Figure 2. Dickdook Leshon Gnebreet, p. 94, held at the Boston Public Library. From Gale. Eighteenth Century Collections Online. © Gale, a part of Cengage Learning, Inc. Reproduced by permission.

The visual poetics of these translations convey their liturgical earnestness. Though largely unintelligible to his Puritan readership, Monis adorns both texts with cantillation marks, indicating how they could be chanted according to traditional Jewish cantorial practice. This choice was no mere whim. In his defense of the Masoretic vowel system, Monis naturally included the Tiberian system of cantorial trope, which could serve both as liturgical notation and, much like any other punctuation system, as an exegetical aid, breaking up the biblical verse into smaller units and thus clarifying grammatical relations within the sentence. Yet biblical trope usually requires at least one accent per word, where Monis often skips over two words or more. The result is a text that, practically speaking, would be extremely difficult to chant. Monis further limits his use of trope to only three accents—munach, etnachta, and sof pasuk—which suggests all the more strongly that he had in mind a simplified punctuation system. Throughout the Lord’s Prayer, munach (a so-called conjunctive accent) functions much as a comma might, linking subordinate and relative clauses to a preceding syntactic unit. Etnachta (a disjunctive accent) serves as Monis’s semicolon, separating one sentence from the next. Sof pasuk, as one might expect, closes the “verse” or larger thematic unit, which may contain several sentences. In the Creed, Monis reduces yet further, using only two accents, munach and sof pasuk, as comma and period, respectively. At a time when both the Masoretic vowel-system and cantorial trope came under attack in Christian biblical scholarship, Monis’s insistence on using both in his Hebrew translations situates him squarely within a Christian Hebraist debate, as though to argue for how very “Jewish” the prayers of early Christianity might have looked.

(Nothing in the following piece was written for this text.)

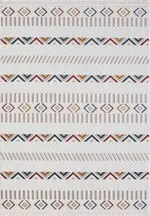 Manerbio Geometrik Multi Polyester Kaydırmaz Taban Makine Halısı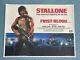 First Blood (rambo) Linen Backed Uk British Quad 1982 Original Film Poster Withcer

The type, too, proclaims its affiliation with Jewish tradition, by imitating the calligraphic conventions governing the work of the Jewish ritual scribe, or sofer. The second line of the Lord’s Prayer concludes with a horizontal dilation of the final mem, which a scribe could use to fill out a line and maintain justification on both sides of a column of text in the Torah scroll. This had been standard practice in Hebrew books using square type since the dawn of print, which prized perfectly justified columns as aesthetically superior. The Torah scroll’s aesthetic thus surfaced in printed books across a wide range of genres, not only those with specifically scriptural content. Monis’s attention to Jewish textual aesthetics, furthermore, should come as no surprise: he was himself an accomplished Hebrew calligrapher, and claimed to have worked as a sofer, producing a Torah scroll in Amsterdam prior to his arrival in the colonies. Yet for Monis’s readership, primarily his Harvard students, the evocation of traditional Jewish typesetting would have gone virtually unnoticed. As with his transliterations, Monis’s visualization of Hebrew actually makes it less transparent to his non-Jewish students, for whom cantorial trope and Jewish scribal aesthetics were equally illegible.

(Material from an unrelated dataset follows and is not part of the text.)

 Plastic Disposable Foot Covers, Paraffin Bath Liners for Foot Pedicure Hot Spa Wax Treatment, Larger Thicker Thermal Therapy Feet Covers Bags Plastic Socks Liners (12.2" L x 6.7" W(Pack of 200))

Despite their Jewishly inflected visual impact, Monis’s translations could, at least in theory, still serve to point up the continuities between biblical Hebrew and Christianity. At the same time, the Puritan context in which he composed them required an acknowledgment of the supersessionist primacy of Christian belief. Once again, the Judaizing tendencies in Protestantism were to be held in check by a pervasively typological approach to Jewish language and literature. Yet Monis’s emphasis on the “true Idiom” of Hebrew is the first intimation of his deep intellectual commitment to Hebraism, whether Jewish or Christian. This commitment to “true” Hebrew strains against the evangelical universalism of Eliot or Thorowgood, and results in translations that favor Jewish idiomaticity over Christian doctrine.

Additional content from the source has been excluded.